CSE 486/586 Introduction to Artificial Intelligence (3 credits)

Typically offered only during during the fall semester.

Catalog description:

Basic concepts of artificial intelligence (AI) including problem solving, search, constraint satisfaction, game playing, propositional logic, first order logic, uncertainty, and learning from observations

Prerequisite(s):

CSE 274 / CSE 606

Required topics (approximate weeks allocated):

  • Artificial intelligence overview (1)
    • AI definition
    • history
    • application areas
    • characterization of task environments
  • Problem solving using uninformed search (1.5)
    • review of graphs
    • breadth-first, depth-first and iterative deepening search
    • avoiding repeated states
  • Informed search (1.5)
    • priority queues
    • heuristics
    • A* search
    • hill climbing techniques
  • Constraint satisfaction problems (1)
    • backtracking search techniques
    • heuristics for efficient backtracking
  • Adversarial search (1.5)
    • minimax algorithm
    • alpha-beta pruning
    • probabilistic games
    • case studies
  • Knowledge and reasoning (2) 
    • propositional logic and its semantics
    • first-order logic
    • inference, soundness and completeness
    • unification
  • Uncertainty (1.5)
    • Acting under uncertainty
    • Axioms of probability
    • Bayes' rule for combining evidence
    • Bayesian networks
  • Machine learning (1.5)
    • learning from observations
    • decision trees
    • ensemble learning
    • training and testing
  • Additional topics (2.5)
    • knowledge representation
    • AI programming languages
    • evolutionary computation
    • neural networks
    • reinforcement learning
    • robotics
  • Exams/Review (1)

Graduate students:

Students enrolled in CSE 586 will be given additional readings and/or assignments.

Learning Outcomes:

1: Describe the history of AI

1.1: Identify the disciplines that support AI

1.2: Describe the important historical events in AI history

2: Describe the architecture of intelligent agents and their environments

2.1: Distinguish between the various kinds of agents: simple reflex, goal-based, utility-based

2.2: Describe the properties of an agent’s environment

3: Describe, apply, and implement uninformed and informed search techniques to solve search problems.

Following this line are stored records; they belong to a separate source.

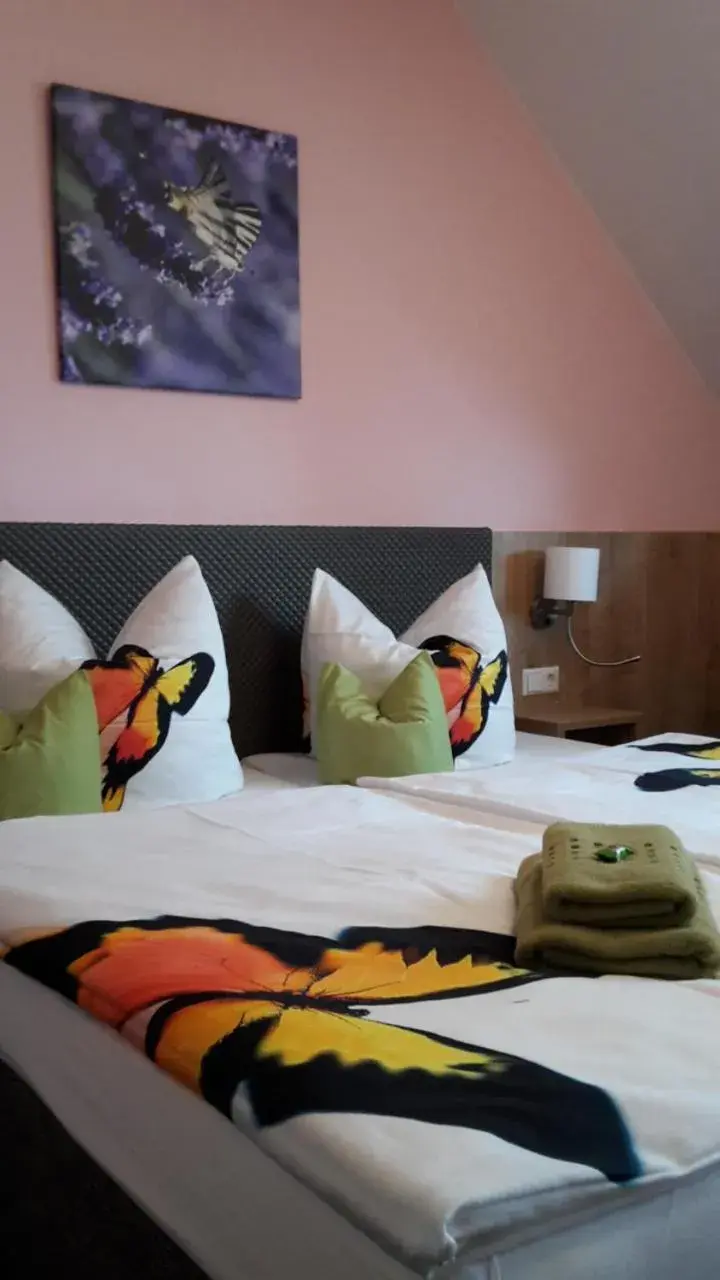 Deluxe Double Room with Shower in Hotel Zur Waldhufe Deluxe Double Room with Shower in Hotel Zur Waldhufe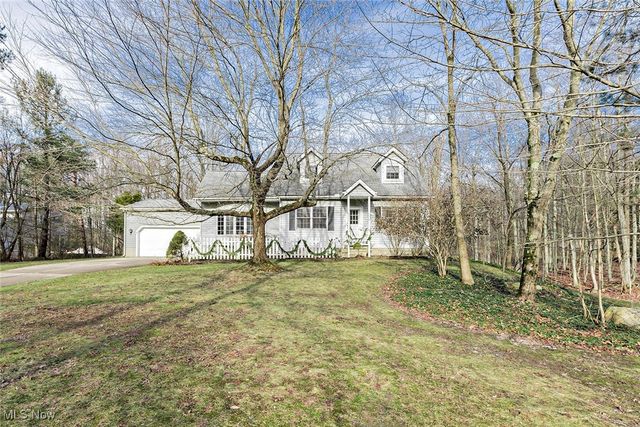8730 Lake In The Woods Trail, Chagrin Falls, OH 44023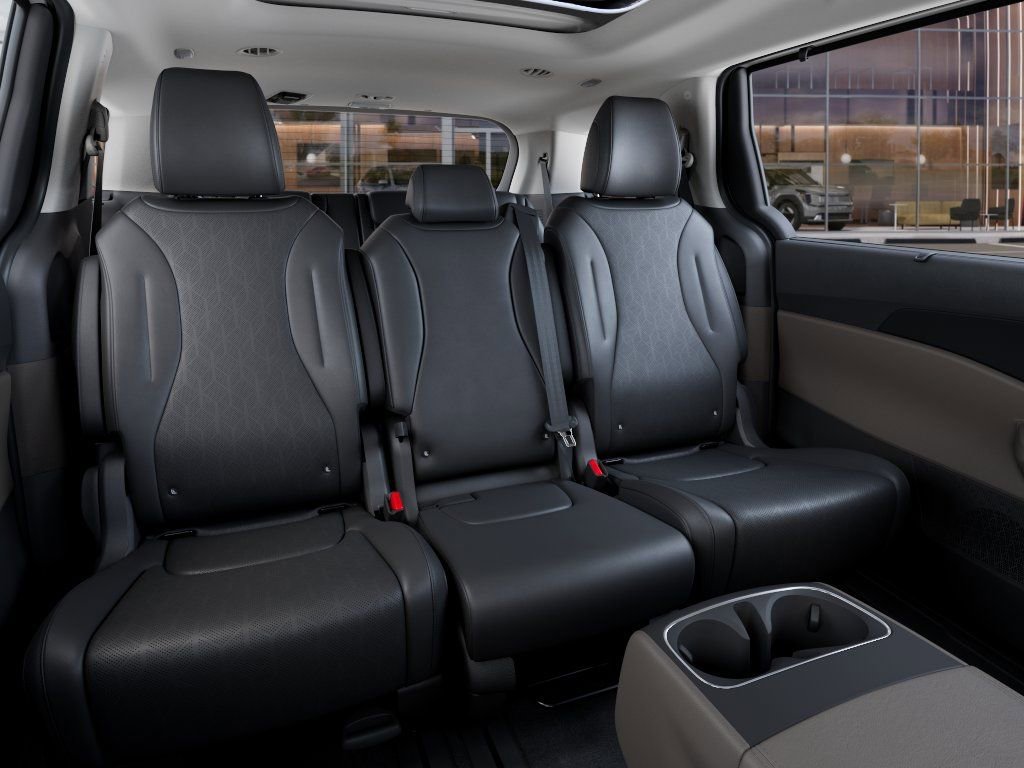 New 2026 Kia Carnival image 16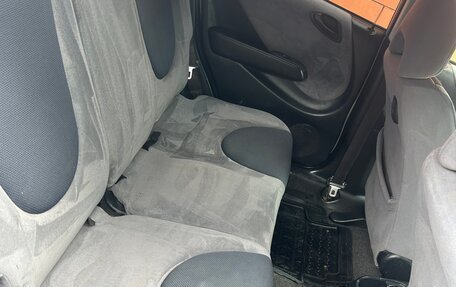 Honda Fit III, 2002 год, 390 000 рублей, 12 фотография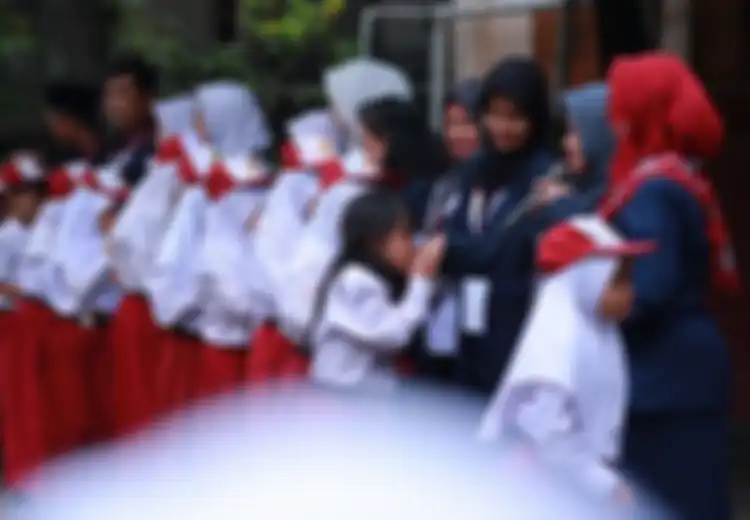 Saat Bersekolah Dulu, Apakah Ibu dan Bapak Mempunyai Peran dalam Proses Belajar? Jika Ya, Seperti Apa Peran yang Dimiliki?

3.1: Apply and implement breadth-first, depth-first, uniform-cost, iterative deepening search techniques to search problems

3.2: Describe and implement A* search

3.3: Describe the basic theoretical properties of heuristic functions

3.4: Describe the process of developing heuristics based on relaxing domain constraints

3.5: Apply and implement common techniques for solving constraint satisfaction problems

4: Implement software capable of playing a competitive game

4.1: Describe and implement mini-max and alpha-beta search

4.2: Devise an evaluation function for assessing the game state of a fully observable, deterministic game.

4.3: Identify and apply techniques from other areas of computer science to improve a game-player’s performance

5: Describe and use propositional logic and first-order logic

5.1: Describe and evaluate logic operations

5.2: Determine if knowledge base (KB) entails a sentence S.

5.3: Apply inference rules to a KB to create new rules

5.4: Describe forward and backward chaining algorithms

5.5: Convert a set of logic sentences into normal form

5.6: Complete resolutions proofs

5.7: Use first order logic to describe some domain

5.8: State the time complexity of the various inferencing algorithms

6: Describe, apply, and implement basic machine learning techniques

6.1: Describe the differences in supervised learning, unsupervised learning, and reinforcement learning.

6.2: Describe, apply, and implement the decision tree learning algorithm

6.3: Describe an ensemble learning method such as AdaBoost.

6.4: Describe the operation of other elementary classifiers such as Bayesian classifier, perceptron, and the nearest neighbor classifier.

7: Describe and apply AI techniques in areas such as: evolutionary computation, neural networks, reinforcement learning, semantic web, fuzzy set theory, uncertainty, and robotics.

8: Independently investigate an AI technique and describe, apply, and implement that technique.